• Mums needs to learn to step aside when Dad takes over in parenting
Mothers are automatically the primary caregivers of babies since birth. But as the babies grow and start to recognise people and move about independently, they form other deeper relationships with different members of the family.
Fathers tend to shy away from heavy baby duties with smaller babies, perhaps they fear breaking or hurting the delicate offspring. However, as soon as the babies are grown enough, here comes the rumble tumble master!
Fathers become more involved when babies are semi-independent as they can walk on their own, talk or gesture their needs and, moreover, when babies can spend long periods of time away from mum.
Our baby is old enough to spend long periods of time with my husband without him needing my assistance. However, as our little one is still breastfeeding, his watch is rigged with some challenging times.
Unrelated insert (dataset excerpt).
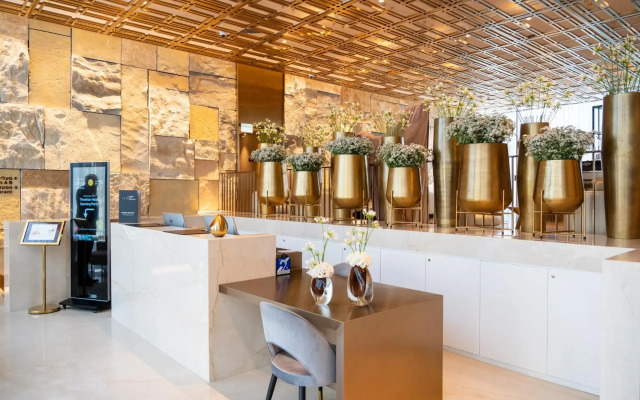 Theatron Jerusalem Hotel & Spa - MGallery Collection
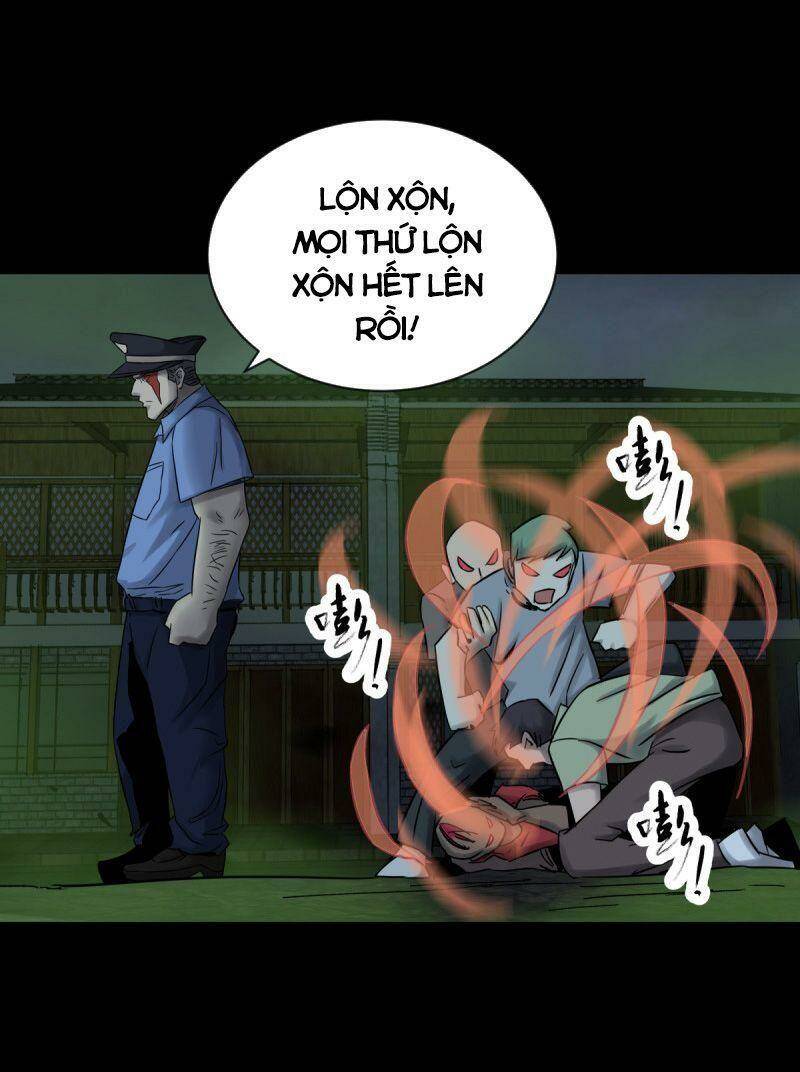 Tam Canh Tứ Cổ - Chapter 59 - Page 11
As a mother, my first reaction has always been to intervene and comfort the baby immediately, but when I watch my husband’s method of parenting unfold, I couldn't help recognising how integral it is for me to step back and let him take control of the situation.
As mothers, our instinct is to comfort our children and ‘coddle’ them out of difficult situations, but the reality of things is that babies need to learn how to overcome hardships from a young age. Whenever my son starts banging on the door to get to me, my first reaction is, “just let him in”. My husband, however, steers him away even as he throws tantrums and cries, but manages the situation in a calming manner so much so that I can't help but be envious.
I am a mother who is around my child 24/7. I can't tell you how many times a day I lose my cool or have little meltdown moments of my own. Watching my husband manage difficult situations while maintaining his composure is inspiring. I want to manage my son’s tantrums without feeling like a failure. I want to have the patience my husband does as he repeats the same things for an hour straight because the baby wants to hear them.
As the baby grows and spends more time with each of us individually, I cannot help but recognise that while we have different strategies in parenting, it is not that one is right while the other is wrong. It might be that mine is the ‘easier’ approach as I have been doing it for long, but it does not mean that the father’s methods are wrong.
I realised that for us to parent effectively, we must support each other in the way we handle the baby individually as well as the way we choose to parent together. For that to happen, I must accept and allow him to implement his own methods.